Most business lenders do not provide unsecured loans to start a business. If you own property and have a decent amount of equity in it, we may be able to help you get a second mortgage with six months of capitalised interest. You will need to have a very solid business plan.



Unsecured loans up to $150,000

These loans are usually assessed using only your business bank transactions, credit checks and a small amount of financial information about your business. They will often limit the amount you can borrow to some kind of factor of your revenue (eg 1.5 times average monthly revenue).

What lenders are looking for:

  • Good conduct in your bank accounts, eg no bounced payments, especially for any other borrowing you have

  • Clean credit for the directors and the business, or defaults are paid and/or explained

  • GST and PAYE up to date, or a payment arrangement in place (some lenders will fund IRD arrears)

  • Trading for a minimum of 6 months

  • Some lenders might want to see your management accounts or accounts for the last tax year

Unsecured loans over $150,000

These loans require more documentation to support them. As well as the criteria for unsecured loans under $150,000, you may need to provide:

  • Current management accounts (ie your profit and loss and balance sheet as of today)

  • Profit and loss statement for the last financial year and sometimes the year before

  • Documentation to prove you have an IRD of any payment arrangement in place if you have arrears

  • You may need to supply accounts receivable and accounts payable reports



Common uses for an unsecured business loan

  • Working capital, eg to purchase extra stock

  • Fund a marketing campaign

  • Cashflow funding when you don’t qualify for invoice finance

  • Refinancing of other business lending

  • Debt consolidation

  • Pay your fixed costs during a quiet part of the year

  • Purchase equipment that can’t be used as security

  • Director/shareholder buyouts

If you do not qualify for an unsecured business loan you may want to consider our secured loans or invoice finance.

 FAQ’S

  • How much you can borrow will depend on your time in business, revenue, and profitability. Unsecured business loans can go up to $250,000. If you need more than that, you’d need annual revenue of $5m+.

  • Unsecured business loans for business startups are rare. But if your new venture is a b2b (business to business) and you want to offer credit terms, then we may be able to help you with an invoice finance facility instead.

  • Yes, you still must sign a general security agreement. This document creates a promise that if your business can’t pay off the loan, you will pay it.

  • Unsecured loans tend to be for shorter terms than secured loans. Terms tend to be from six to 24 months; but they do vary by lender and the amount borrowed.

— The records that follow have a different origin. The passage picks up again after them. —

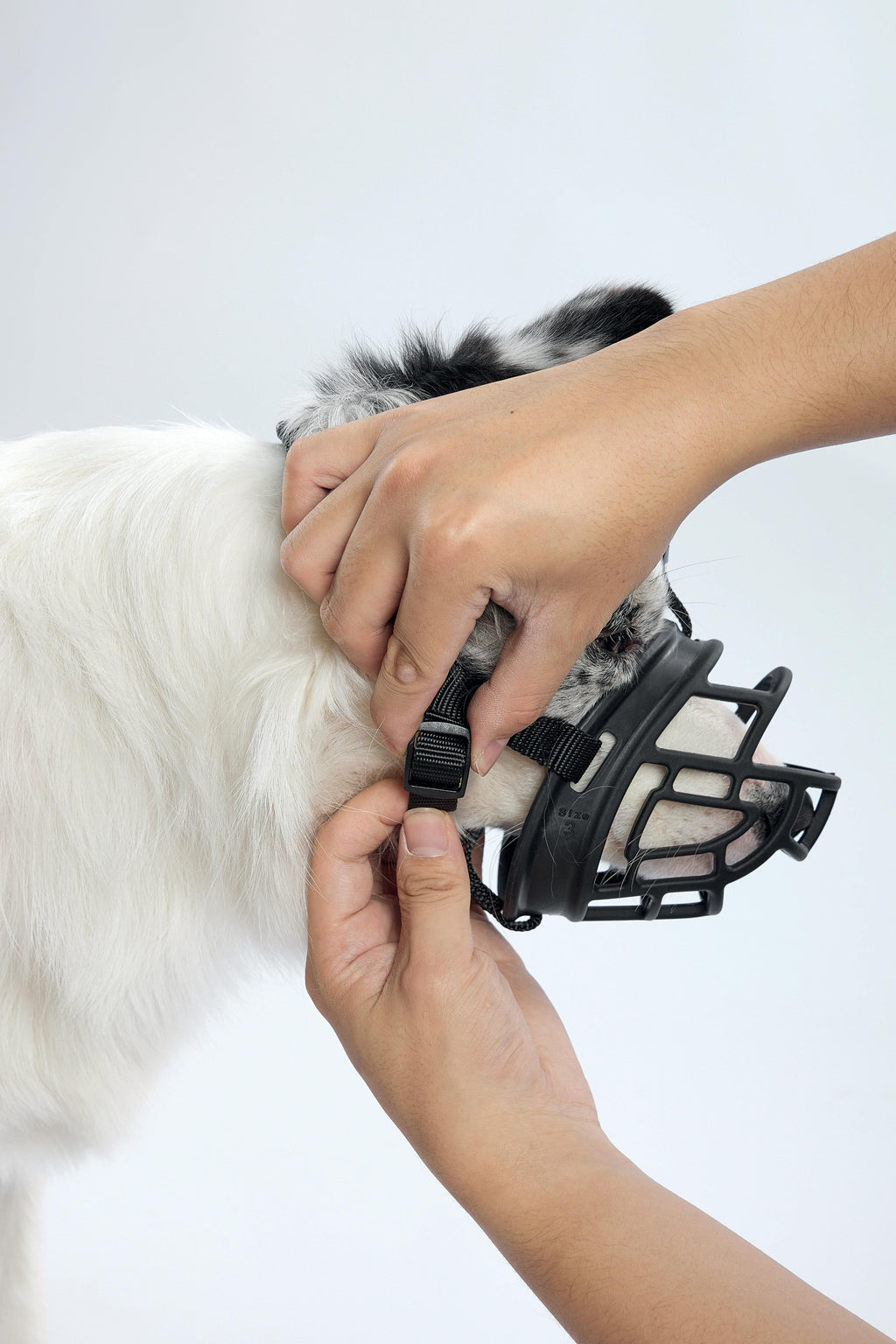 MUSERA BARK GUARD per Cani Nero e Blu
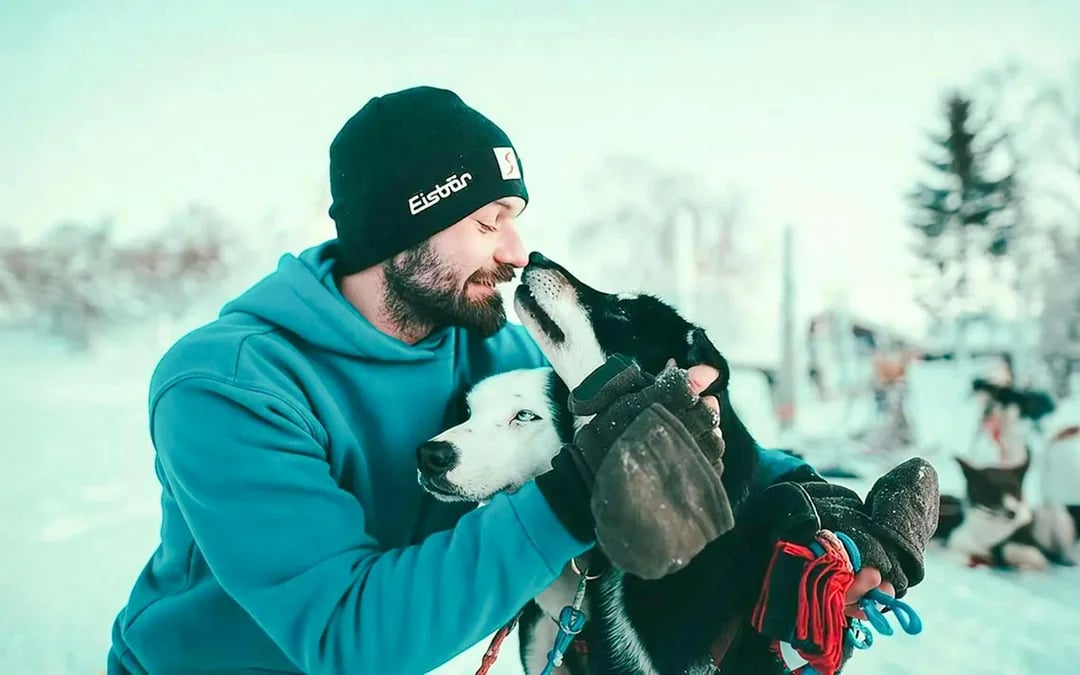 From Tromso: Self-Drive Husky Sledding Tour Image 6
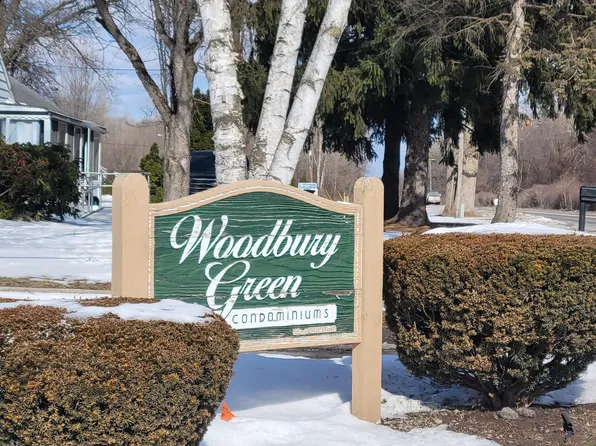 41276 N Woodbury Green Dr, Belleville, MI 48111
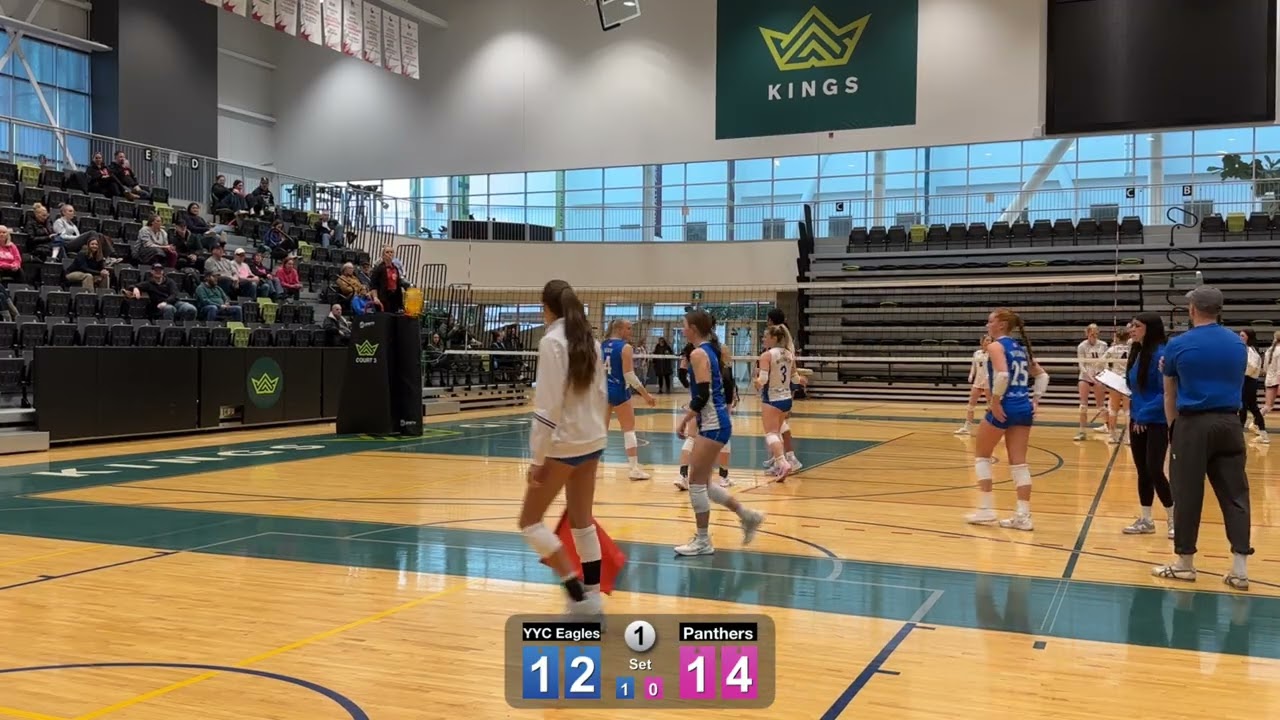 Panthers Set 1
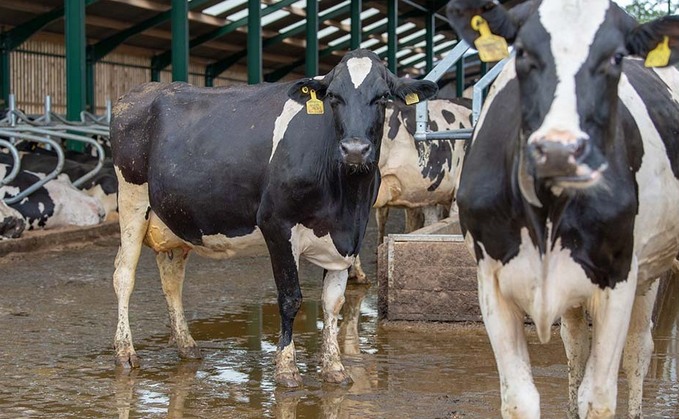 Dale Farm launches three-year fixed milk price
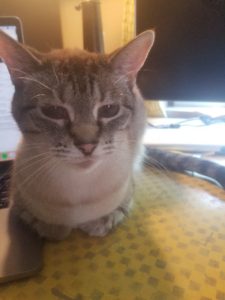 This adorable Siamese needs a new home!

  • Inland Revenue has been focusing on placing companies into liquidation when they fall behind on their tax obligations. If you have a payment arrangement in place and are keeping up with payments, your lender doesn’t need to worry about IRD liquidating your business. Your IRD debt is treated like any other borrowing and your repayment schedule is looked at when assessing your ability to repay your unsecured business loan.